The problem | The entries below are to be restated exactly, and their images are to be omitted.
Data records Block Start
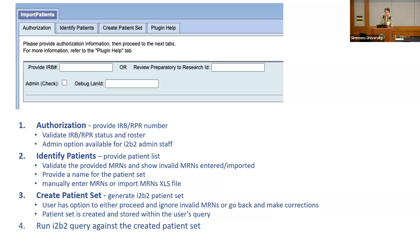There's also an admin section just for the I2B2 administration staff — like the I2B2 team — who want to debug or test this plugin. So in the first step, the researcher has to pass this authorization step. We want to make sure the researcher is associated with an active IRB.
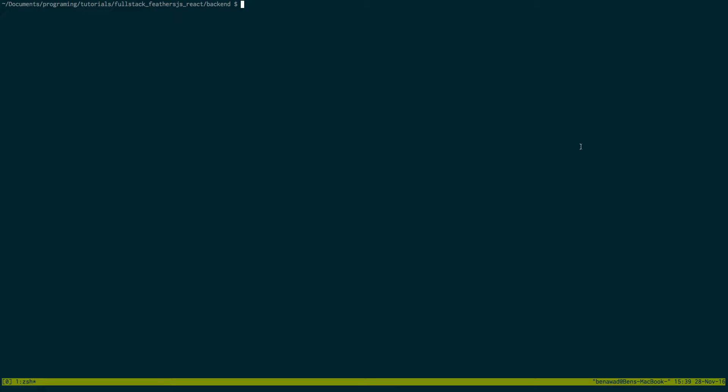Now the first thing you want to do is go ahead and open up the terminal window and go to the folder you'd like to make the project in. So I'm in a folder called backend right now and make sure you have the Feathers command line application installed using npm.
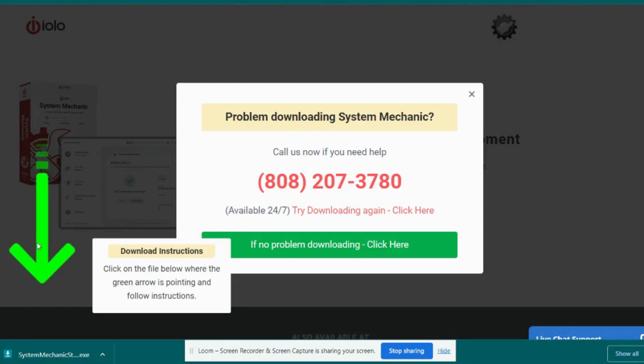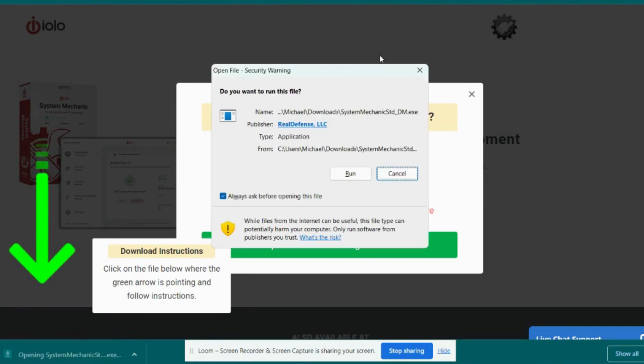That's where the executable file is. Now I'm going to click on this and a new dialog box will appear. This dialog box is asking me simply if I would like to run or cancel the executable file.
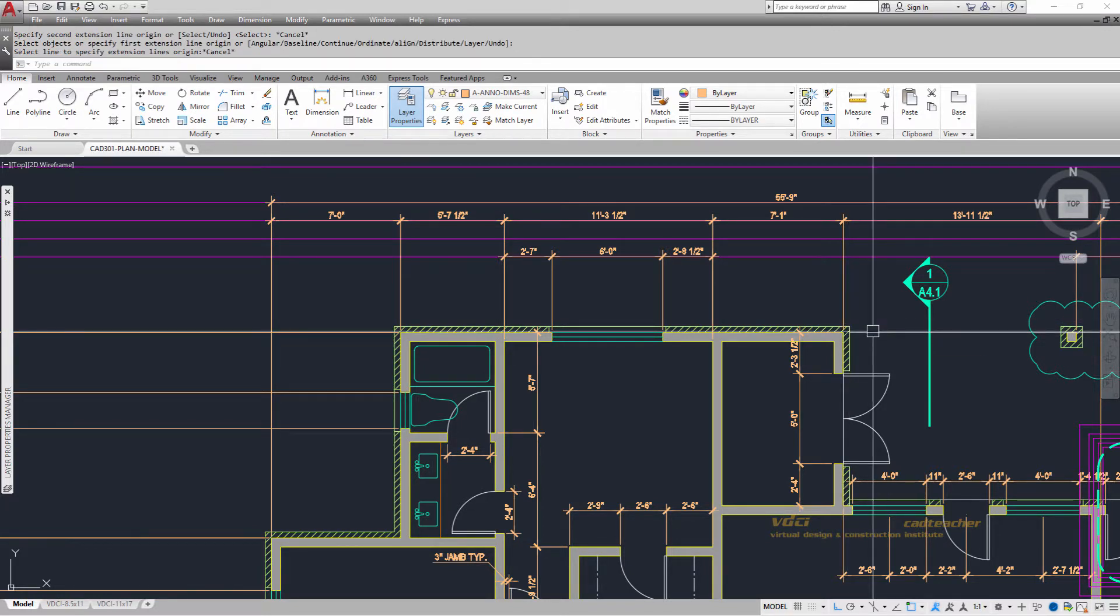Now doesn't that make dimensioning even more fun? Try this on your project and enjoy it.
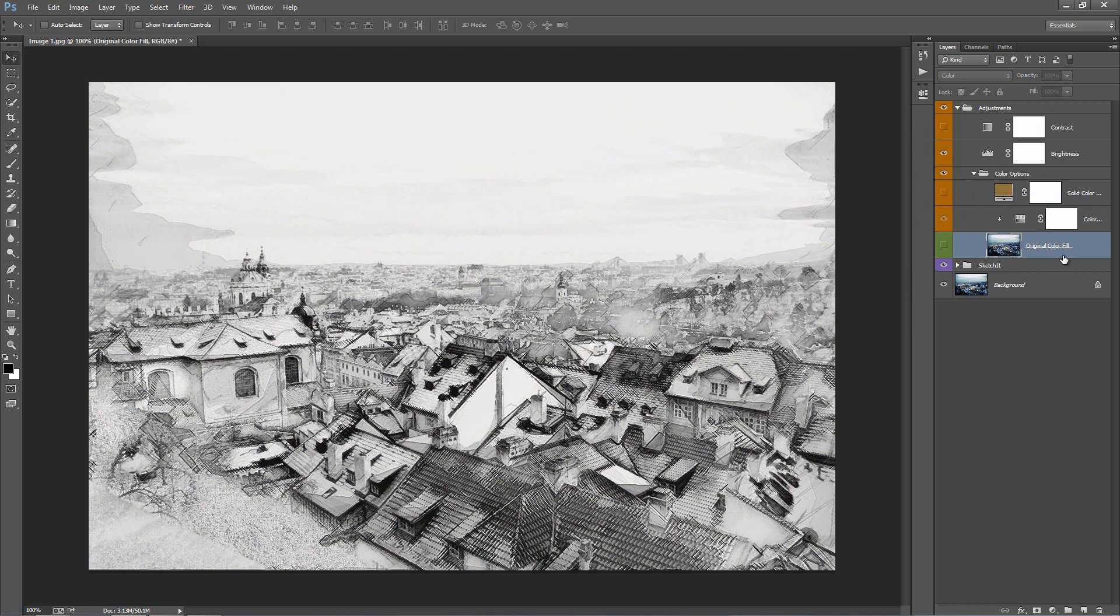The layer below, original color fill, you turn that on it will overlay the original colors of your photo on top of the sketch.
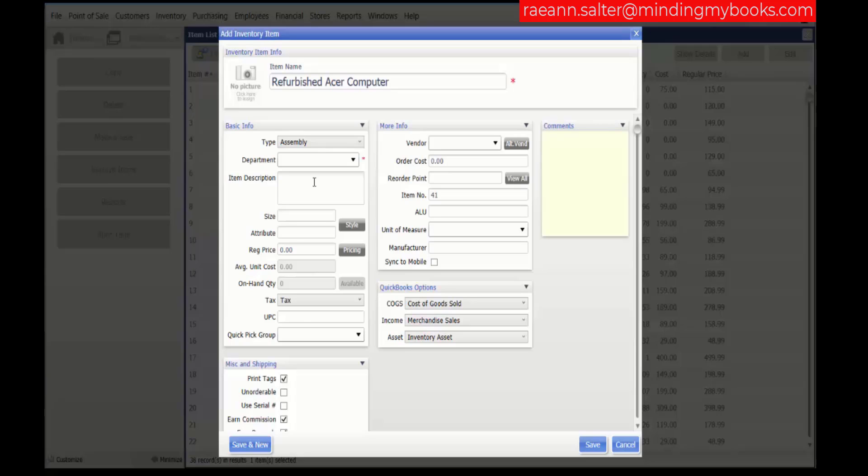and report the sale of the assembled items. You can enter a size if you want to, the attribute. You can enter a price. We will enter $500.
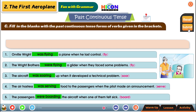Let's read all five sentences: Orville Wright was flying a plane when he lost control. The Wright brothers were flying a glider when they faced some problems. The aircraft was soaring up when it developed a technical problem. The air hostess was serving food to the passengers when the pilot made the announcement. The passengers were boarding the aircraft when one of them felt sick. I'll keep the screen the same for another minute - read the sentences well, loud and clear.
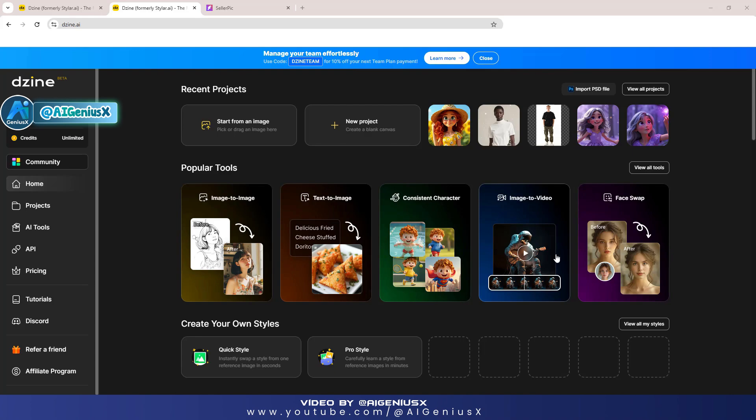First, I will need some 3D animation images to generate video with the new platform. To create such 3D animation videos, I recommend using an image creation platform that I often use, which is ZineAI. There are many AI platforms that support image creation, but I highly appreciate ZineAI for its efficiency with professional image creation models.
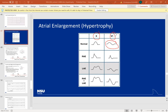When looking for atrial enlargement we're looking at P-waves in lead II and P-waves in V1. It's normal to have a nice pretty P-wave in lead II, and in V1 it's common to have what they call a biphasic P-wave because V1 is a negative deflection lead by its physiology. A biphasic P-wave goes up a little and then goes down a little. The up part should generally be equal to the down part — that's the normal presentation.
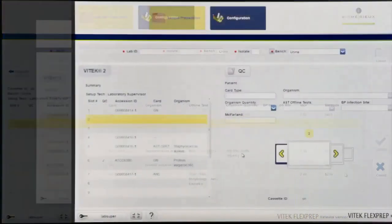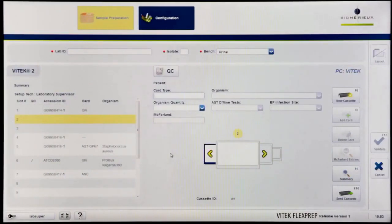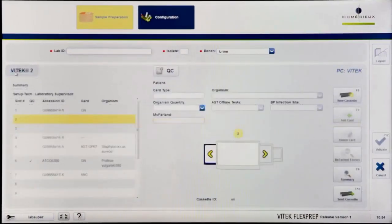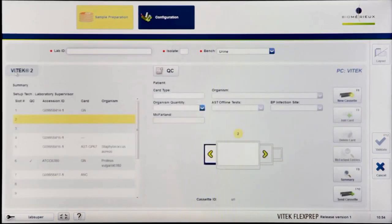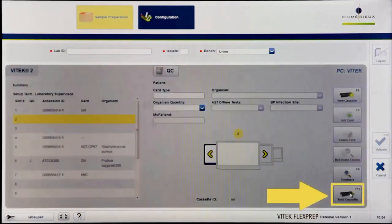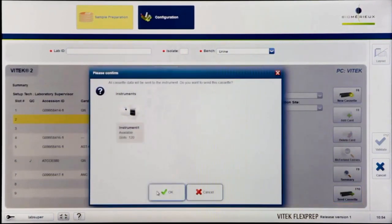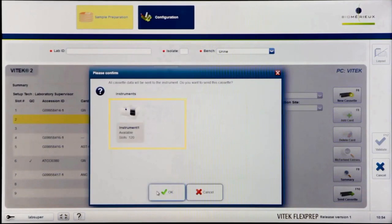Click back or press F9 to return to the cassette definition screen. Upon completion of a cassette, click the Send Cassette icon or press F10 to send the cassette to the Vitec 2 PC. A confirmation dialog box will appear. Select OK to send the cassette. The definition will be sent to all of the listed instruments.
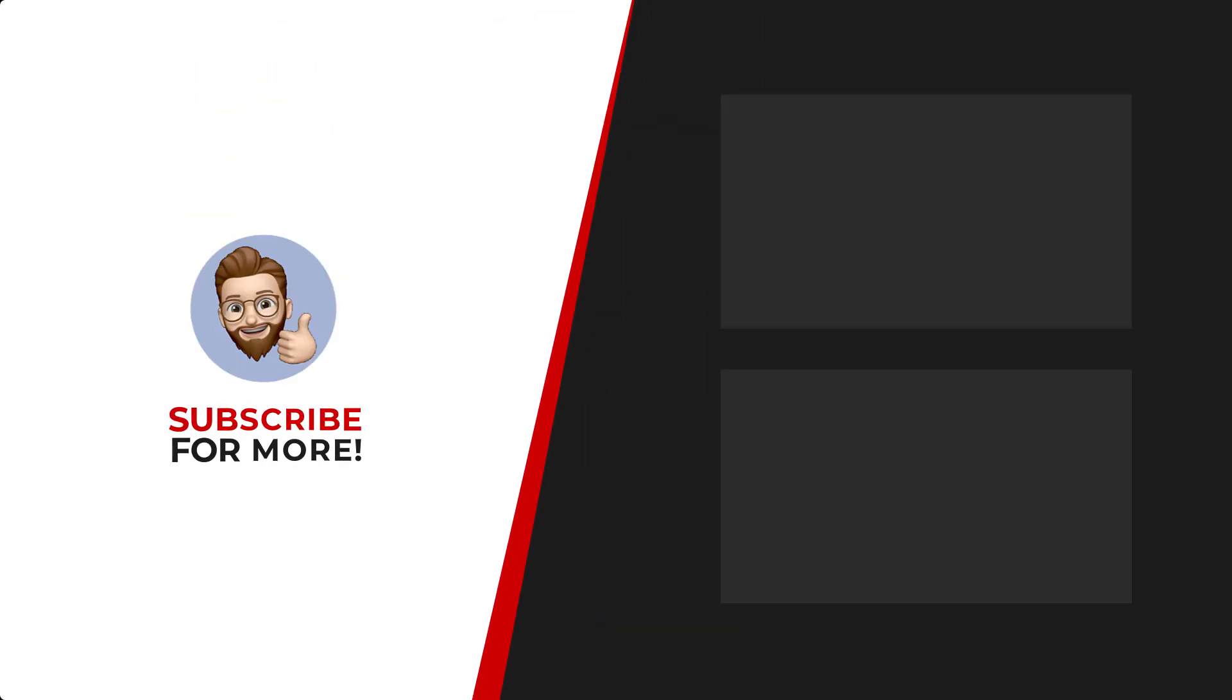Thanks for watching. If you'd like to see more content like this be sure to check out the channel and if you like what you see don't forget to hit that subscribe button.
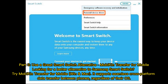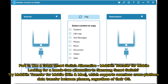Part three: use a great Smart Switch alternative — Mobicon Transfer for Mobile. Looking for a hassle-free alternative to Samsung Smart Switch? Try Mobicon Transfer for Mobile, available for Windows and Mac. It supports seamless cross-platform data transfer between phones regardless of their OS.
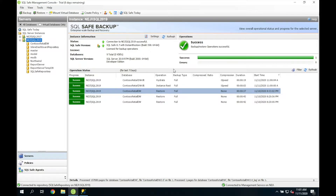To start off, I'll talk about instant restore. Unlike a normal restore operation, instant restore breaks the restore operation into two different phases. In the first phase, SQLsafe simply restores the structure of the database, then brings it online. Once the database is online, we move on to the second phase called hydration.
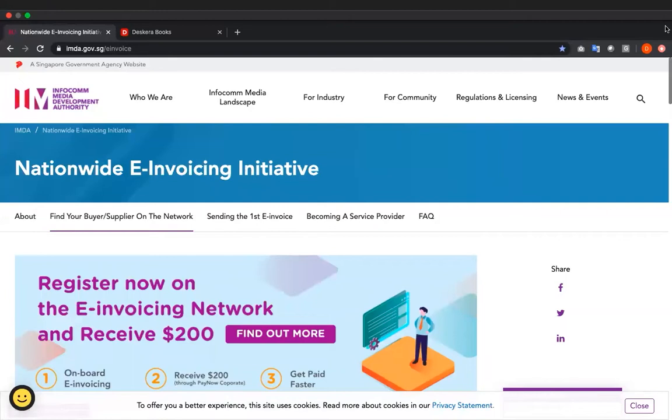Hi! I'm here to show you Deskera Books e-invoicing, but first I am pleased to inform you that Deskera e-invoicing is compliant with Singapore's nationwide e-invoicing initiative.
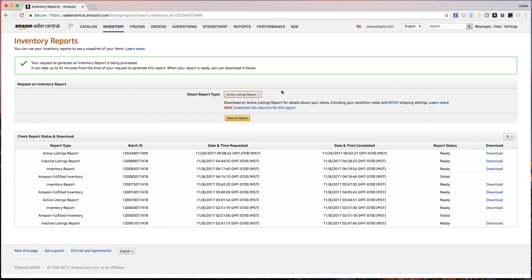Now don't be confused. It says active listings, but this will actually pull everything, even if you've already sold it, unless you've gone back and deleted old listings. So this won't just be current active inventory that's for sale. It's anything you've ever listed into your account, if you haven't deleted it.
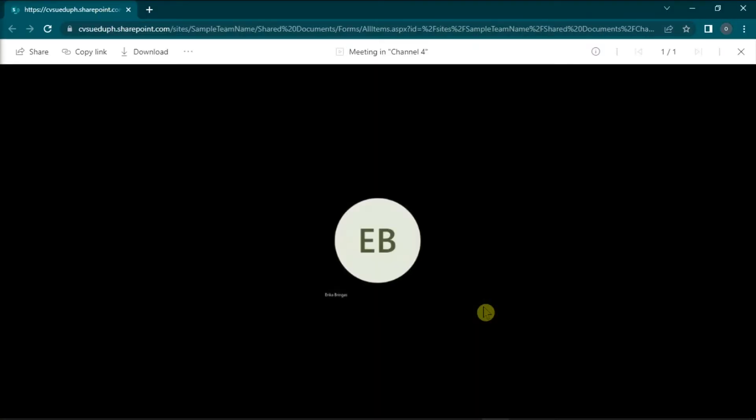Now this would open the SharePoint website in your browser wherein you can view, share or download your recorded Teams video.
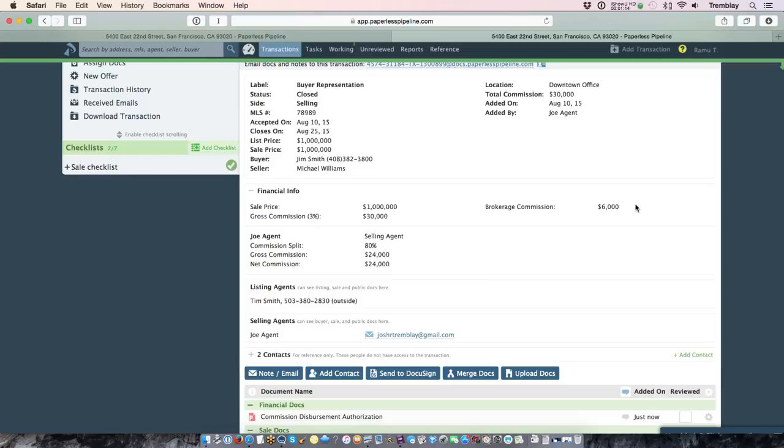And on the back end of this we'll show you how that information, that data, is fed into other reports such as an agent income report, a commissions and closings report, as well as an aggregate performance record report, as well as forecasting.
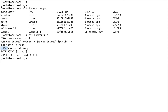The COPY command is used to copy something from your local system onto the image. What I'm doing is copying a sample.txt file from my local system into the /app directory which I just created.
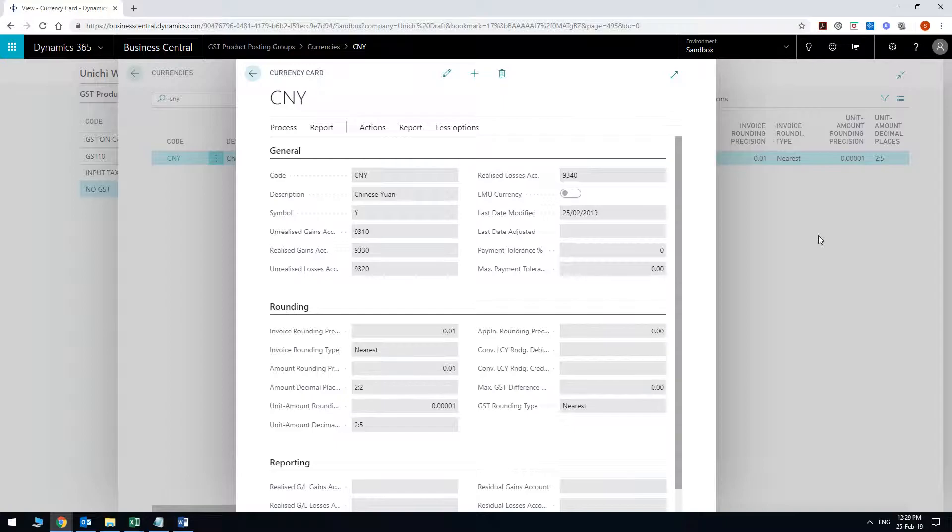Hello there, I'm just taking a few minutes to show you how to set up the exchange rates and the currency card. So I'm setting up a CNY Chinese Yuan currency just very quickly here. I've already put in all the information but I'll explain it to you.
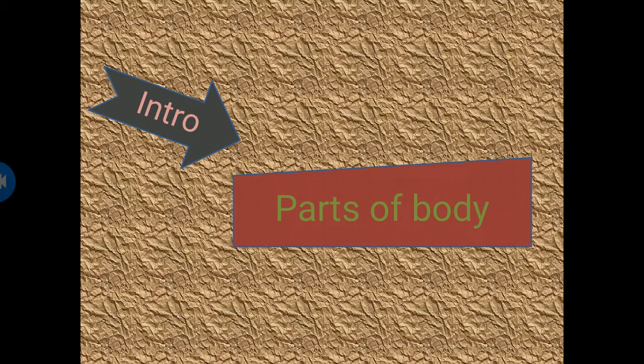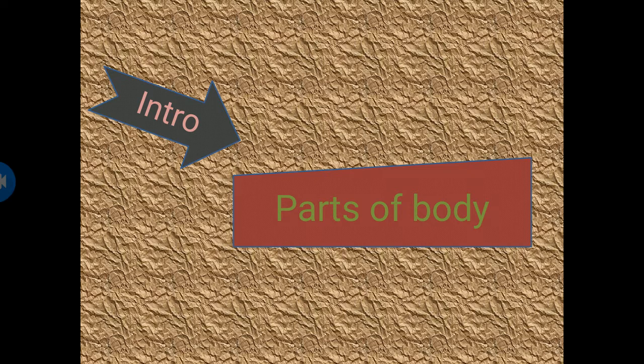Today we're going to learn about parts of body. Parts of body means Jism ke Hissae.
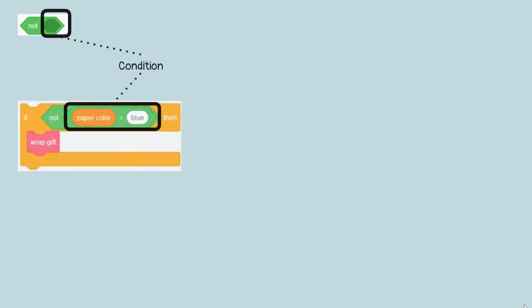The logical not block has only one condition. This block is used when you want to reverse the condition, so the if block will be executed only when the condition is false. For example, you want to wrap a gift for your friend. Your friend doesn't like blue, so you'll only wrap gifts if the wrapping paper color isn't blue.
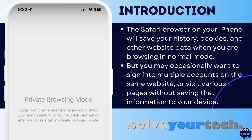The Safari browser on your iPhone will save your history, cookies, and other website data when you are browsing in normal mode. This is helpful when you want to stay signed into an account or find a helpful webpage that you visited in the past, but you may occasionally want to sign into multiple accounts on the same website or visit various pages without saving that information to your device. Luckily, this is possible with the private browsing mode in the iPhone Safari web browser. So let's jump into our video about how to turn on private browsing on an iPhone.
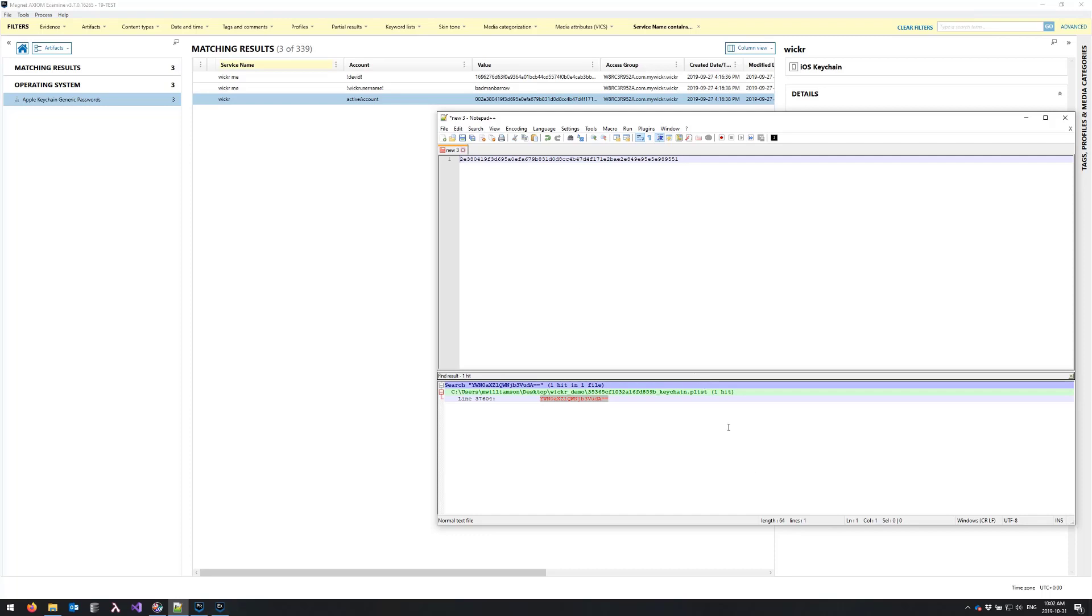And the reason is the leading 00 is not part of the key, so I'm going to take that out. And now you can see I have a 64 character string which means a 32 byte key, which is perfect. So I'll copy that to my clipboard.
Data records Block End
Output for this exercise |
There's also an admin section just for the I2B2 administration staff — like the I2B2 team — who want to debug or test this plugin. So in the first step, the researcher has to pass this authorization step. We want to make sure the researcher is associated with an active IRB.
Now the first thing you want to do is go ahead and open up the terminal window and go to the folder you'd like to make the project in. So I'm in a folder called backend right now and make sure you have the Feathers command line application installed using npm.
That's where the executable file is. Now I'm going to click on this and a new dialog box will appear. This dialog box is asking me simply if I would like to run or cancel the executable file.
Now doesn't that make dimensioning even more fun? Try this on your project and enjoy it.
The layer below, original color fill, you turn that on it will overlay the original colors of your photo on top of the sketch.
and report the sale of the assembled items. You can enter a size if you want to, the attribute. You can enter a price. We will enter $500.
Let's read all five sentences: Orville Wright was flying a plane when he lost control. The Wright brothers were flying a glider when they faced some problems. The aircraft was soaring up when it developed a technical problem. The air hostess was serving food to the passengers when the pilot made the announcement. The passengers were boarding the aircraft when one of them felt sick. I'll keep the screen the same for another minute - read the sentences well, loud and clear.
First, I will need some 3D animation images to generate video with the new platform. To create such 3D animation videos, I recommend using an image creation platform that I often use, which is ZineAI. There are many AI platforms that support image creation, but I highly appreciate ZineAI for its efficiency with professional image creation models.
When looking for atrial enlargement we're looking at P-waves in lead II and P-waves in V1. It's normal to have a nice pretty P-wave in lead II, and in V1 it's common to have what they call a biphasic P-wave because V1 is a negative deflection lead by its physiology. A biphasic P-wave goes up a little and then goes down a little. The up part should generally be equal to the down part — that's the normal presentation.
Click back or press F9 to return to the cassette definition screen. Upon completion of a cassette, click the Send Cassette icon or press F10 to send the cassette to the Vitec 2 PC. A confirmation dialog box will appear. Select OK to send the cassette. The definition will be sent to all of the listed instruments.
Thanks for watching. If you'd like to see more content like this be sure to check out the channel and if you like what you see don't forget to hit that subscribe button.
Part three: use a great Smart Switch alternative — Mobicon Transfer for Mobile. Looking for a hassle-free alternative to Samsung Smart Switch? Try Mobicon Transfer for Mobile, available for Windows and Mac. It supports seamless cross-platform data transfer between phones regardless of their OS.
To start off, I'll talk about instant restore. Unlike a normal restore operation, instant restore breaks the restore operation into two different phases. In the first phase, SQLsafe simply restores the structure of the database, then brings it online. Once the database is online, we move on to the second phase called hydration.
Hi! I'm here to show you Deskera Books e-invoicing, but first I am pleased to inform you that Deskera e-invoicing is compliant with Singapore's nationwide e-invoicing initiative.
Now don't be confused. It says active listings, but this will actually pull everything, even if you've already sold it, unless you've gone back and deleted old listings. So this won't just be current active inventory that's for sale. It's anything you've ever listed into your account, if you haven't deleted it.
Now this would open the SharePoint website in your browser wherein you can view, share or download your recorded Teams video.
And on the back end of this we'll show you how that information, that data, is fed into other reports such as an agent income report, a commissions and closings report, as well as an aggregate performance record report, as well as forecasting.
The COPY command is used to copy something from your local system onto the image. What I'm doing is copying a sample.txt file from my local system into the /app directory which I just created.
Hello there, I'm just taking a few minutes to show you how to set up the exchange rates and the currency card. So I'm setting up a CNY Chinese Yuan currency just very quickly here. I've already put in all the information but I'll explain it to you.
Today we're going to learn about parts of body. Parts of body means Jism ke Hissae.
The logical not block has only one condition. This block is used when you want to reverse the condition, so the if block will be executed only when the condition is false. For example, you want to wrap a gift for your friend. Your friend doesn't like blue, so you'll only wrap gifts if the wrapping paper color isn't blue.
The Safari browser on your iPhone will save your history, cookies, and other website data when you are browsing in normal mode. This is helpful when you want to stay signed into an account or find a helpful webpage that you visited in the past, but you may occasionally want to sign into multiple accounts on the same website or visit various pages without saving that information to your device. Luckily, this is possible with the private browsing mode in the iPhone Safari web browser. So let's jump into our video about how to turn on private browsing on an iPhone.
And the reason is the leading 00 is not part of the key, so I'm going to take that out. And now you can see I have a 64 character string which means a 32 byte key, which is perfect. So I'll copy that to my clipboard.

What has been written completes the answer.